The Sober Year

Daddy did more than stay sober my eighth-grade year. He also went to church, and he went without missing a Sunday. To an outsider, sobriety and religion may look like a blissful combination. To me–an insider–it was anything but.

Words erupting from my father’s mouth in volcanic rage each inch of the mile to church were the same trash that spewed out when he was drunk. Not only was I frozen in familiar fear, I was confused. Why was he being Mr. Hyde? Daddy was sober. Why wasn’t he Dr. Jekyll?

Halfway through that year, one thing changed. A baby boy usurped my two-year-old sister’s space on Mama’s lap. My three other brothers and I still sat stony silent in the back seat while Daddy’s loud curses blanketed the newborn too.

And thus our family went to church Sunday morning after Sunday morning until my father received a pin acclaiming perfect Sunday school attendance.

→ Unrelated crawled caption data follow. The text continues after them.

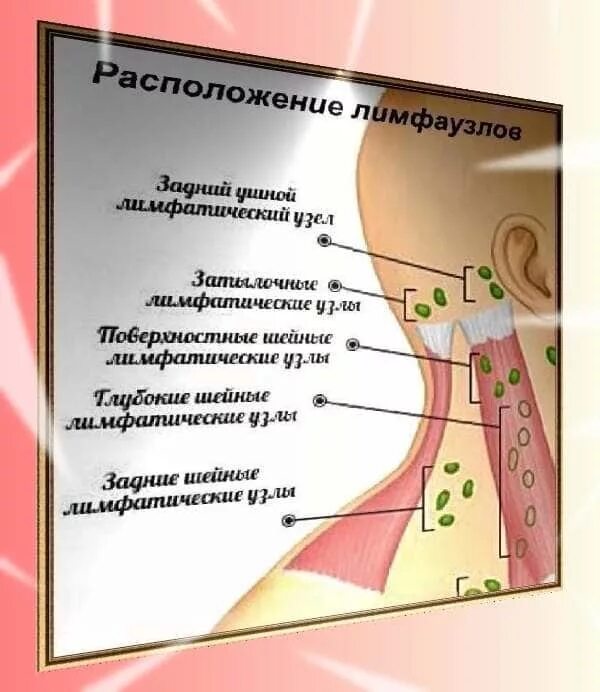 Как лечить лимфоузлы узлы Картинки АНТИБИОТИК ПРИ УВЕЛИЧЕНИИ ЛИМФОУЗЛОВ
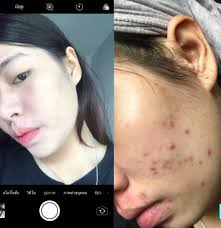 📍ສຳລັບໃຜທີ່ມີປັນຫາຜິວ📍💁🏻ບໍ...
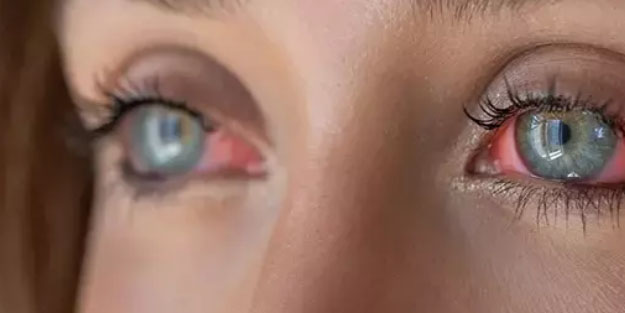 Kızarıklık, kaşıntı, yanma: Hem çocuklarda hem de yetişkinlerde görülüyor! Aman dikkat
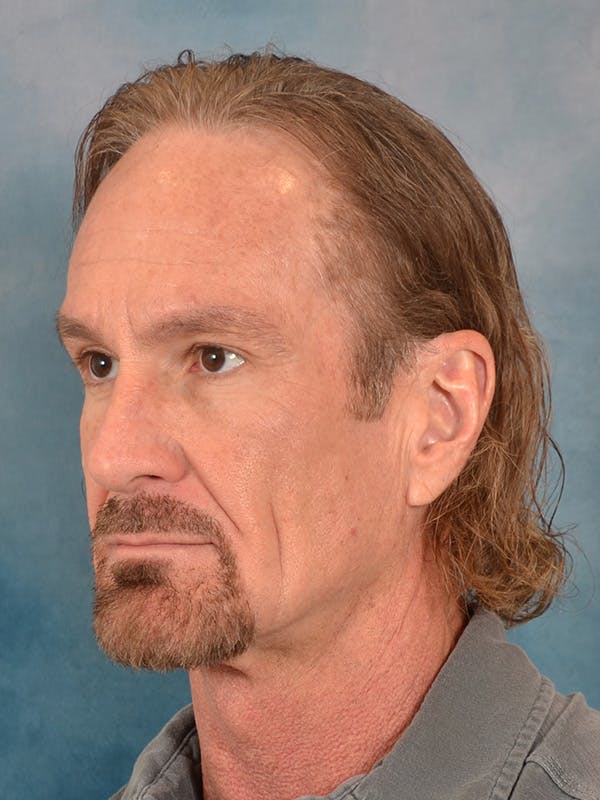 Deep Neck Lift Before & After Gallery - Patient 360372 - Image 3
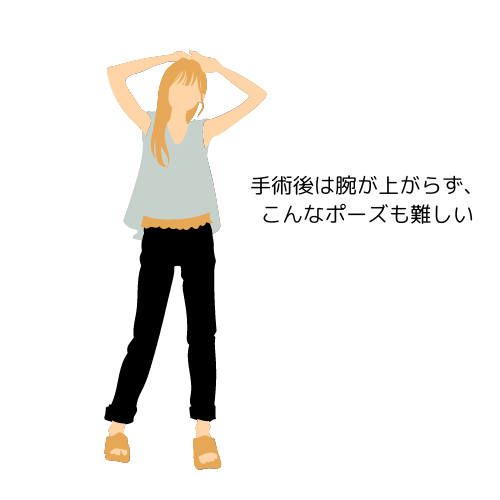 副乳がん手術とリンパ郭清のリハビリ経過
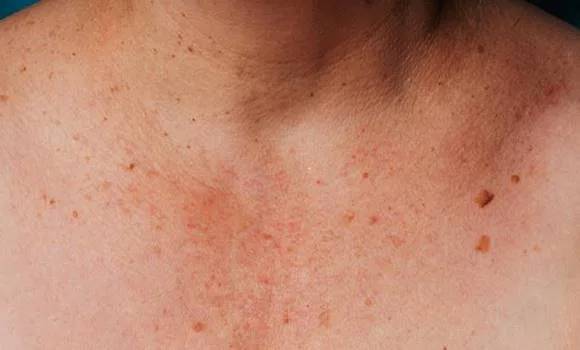 Read carefully if red spots appear on your skin!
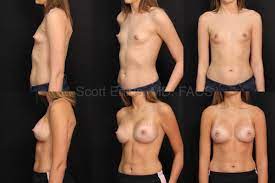 L. SCOTT ENNIS MD, FACS Plastic Surgeon
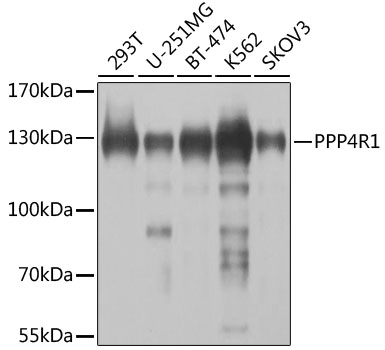 Western blot analysis of extracts of various cell lines, using PPP4R1 antibody  at 1:1000 dilution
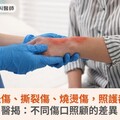 急性擦挫傷、撕裂傷、燒燙傷，照護都一樣？醫揭：不同傷口照顧的差異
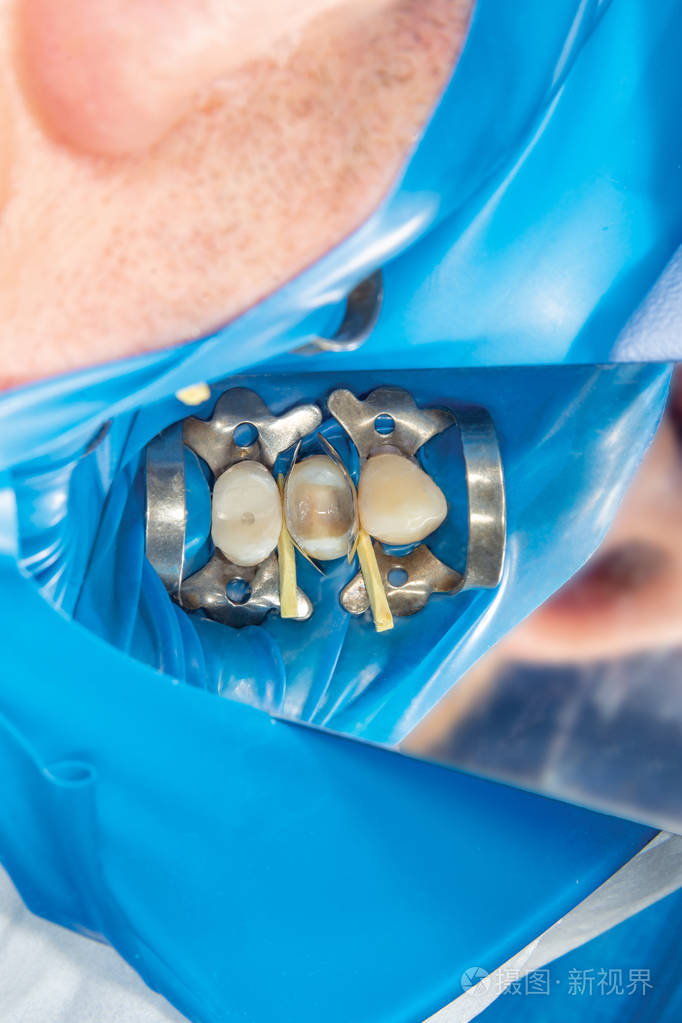 龋齿使用rabbders填充牙科复合感光树脂材料牙科诊所的牙科治疗理念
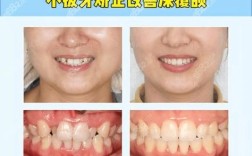 北京牙齿矫正哪家好？求推荐靠谱机构，想看真实案例反馈！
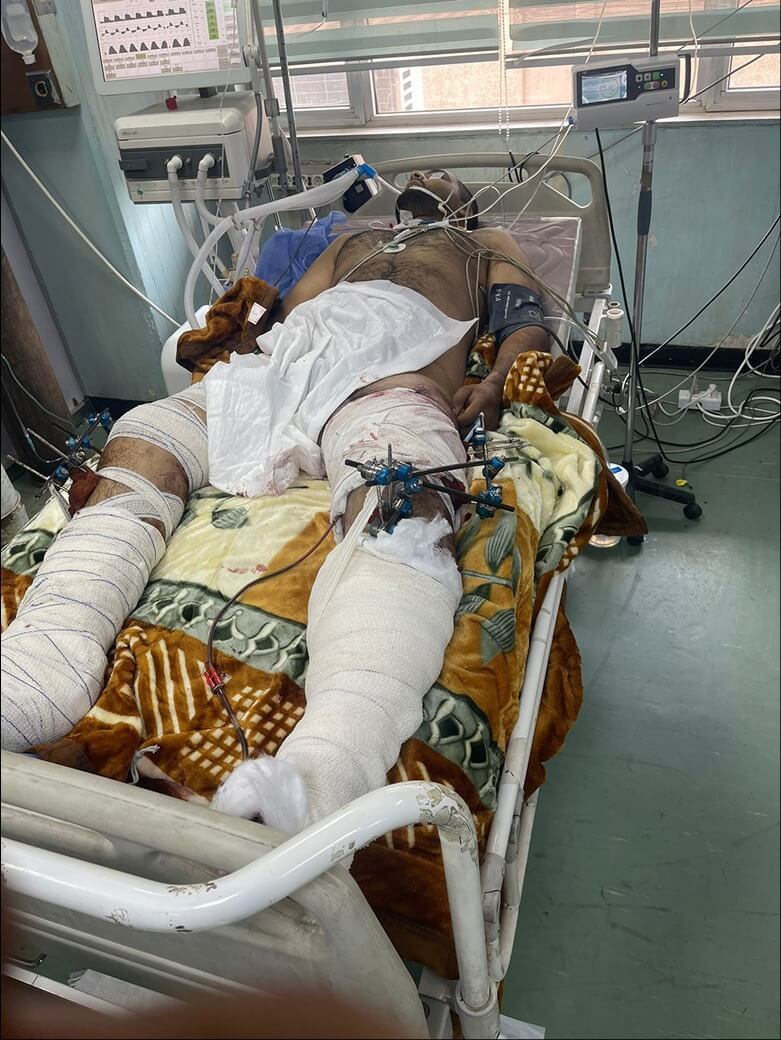 صورة محمد مظفر مهدي - سائق توصيل في شركة طلبات يرقد في المستشفى قبل وفاته 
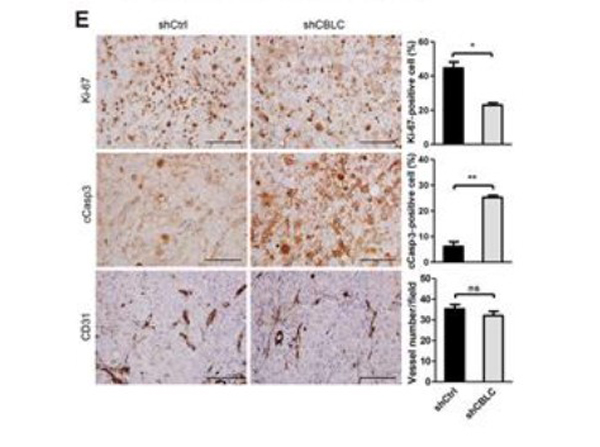 Immunohistochemistry using cbl-c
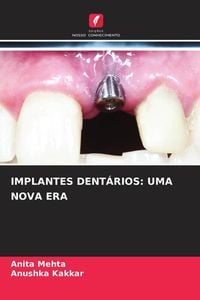 Produktbild: Implantes Dent&aacute;rios: Uma Nova Era
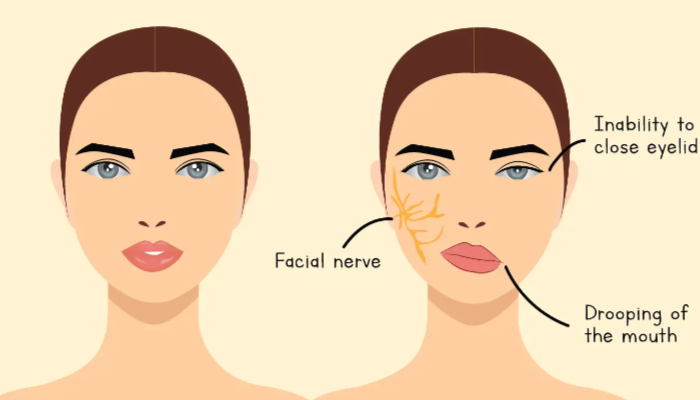 Penyebab Bell's Palsy Dari Penggunaan Kipas Angin, Benarkah?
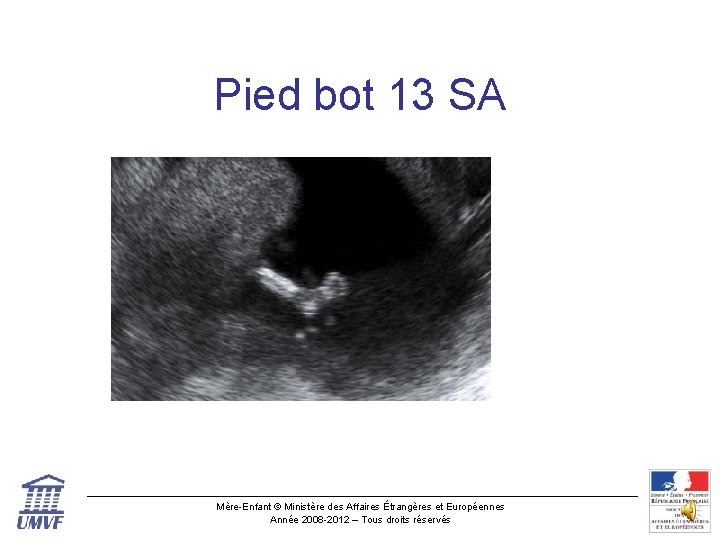 Pied bot 13 SA Mère-Enfant © Ministère des Affaires Étrangères et Européennes Année 2008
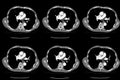 Computed tomography CT whole abdomen in Axial. Part three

He seemed eerily glad when he stated, “I’m not going back. They’re a bunch of hypocrites.”

From that point on, my father attended church occasionally. His drunken sprees outnumbered those. There was one redeeming event, however, in that sober year.

It was when my mother was going to give birth to my fourth brother. She stood stoically at the stair landing, ready for Daddy to take her to the hospital. All of a sudden, she shrieked. My father rushed across the room, reached his arms around her, and moaned, “Ohhhh, does it hurt?”

That was the first time I saw Daddy embrace Mama or show her a hint of affection. His flickering tender moment for my mother has never gone out in my heart.